La croissance économique reste vulnérable à une nouvelle vague épidémique alors que moins de 50% de la population indienne est vaccinée. Déjà en perte de vitesse au mois de décembre, l’activité pourrait être à nouveau freinée par la vague qui touche le pays depuis janvier, alors même que les conditions sur le marché de l’emploi restent dégradées. L’inflation constitue un autre risque pour la reprise. En plus de réduire le pouvoir d’achat des ménages, elle pourrait contraindre les autorités monétaires à relever leurs taux d’intérêt
Alors que le Vietnam a traversé la crise sanitaire de 2020 sans forte vague d’infections, sans contraction du PIB ni dégradation notable des fondamentaux macroéconomiques, la situation a été plus compliquée en 2021. Au T3, la flambée du nombre de cas de Covid-19 et le confinement strict ont conduit à un arrêt de l’activité. Au T4, la courbe épidémique s’est encore dégradée, mais l’activité a redémarré grâce au progrès de la vaccination et à l’ajustement de la stratégie « zéro Covid ». La production et les exportations du secteur manufacturier ont rebondi et leurs perspectives de croissance restent solides. En revanche, la consommation privée et les services sont affaiblis. Le gouvernement dispose d’une marge de manœuvre pour renforcer son soutien budgétaire.
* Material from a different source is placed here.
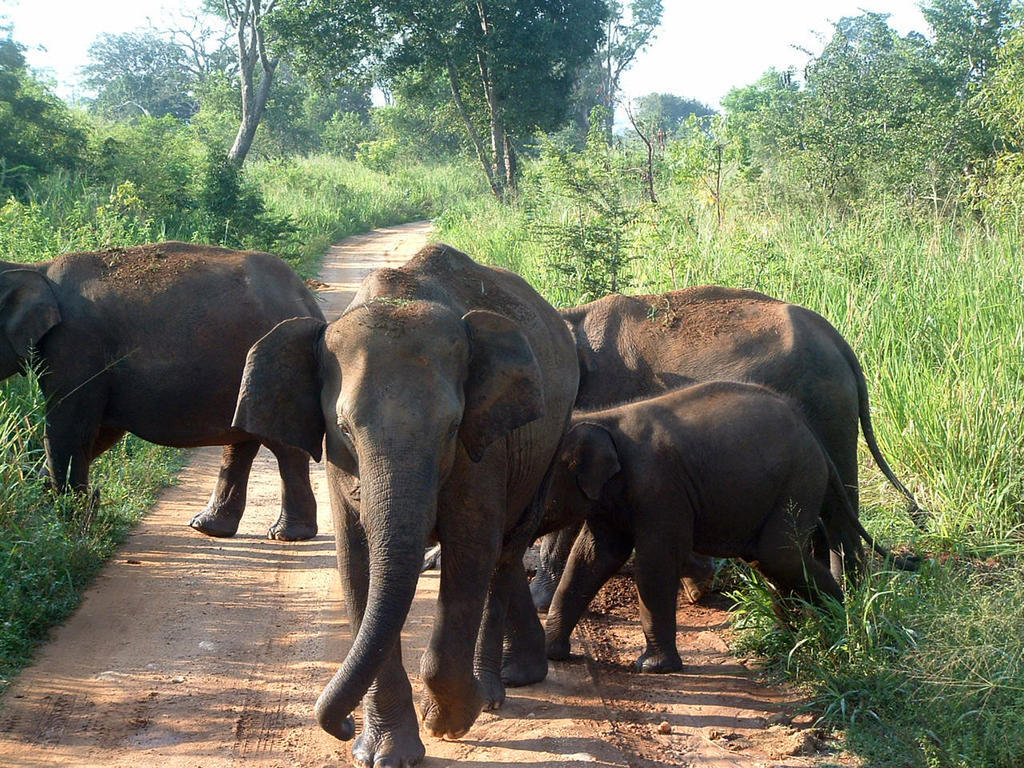Hotel Big Game Udawalawe - By Eco Team Zewnętrze zdjęcie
Les perspectives de croissance à court et moyen terme sont limitées en Thaïlande. La consommation privée et le secteur du tourisme, principaux moteurs de la croissance du PIB, resteront durablement affaiblis. Dans le secteur du tourisme particulièrement, il est peu probable que le niveau d’activité enregistré en 2019 soit atteint avant 2024. Par ailleurs, les faiblesses structurelles de l’économie (manque d’investissement, d’infrastructures) ont été exacerbées par la crise et pèseront sur la reprise, notamment des exportations. Cela dit, la vulnérabilité extérieure du pays a augmenté au cours des deux dernières années, mais reste pour le moment très modérée.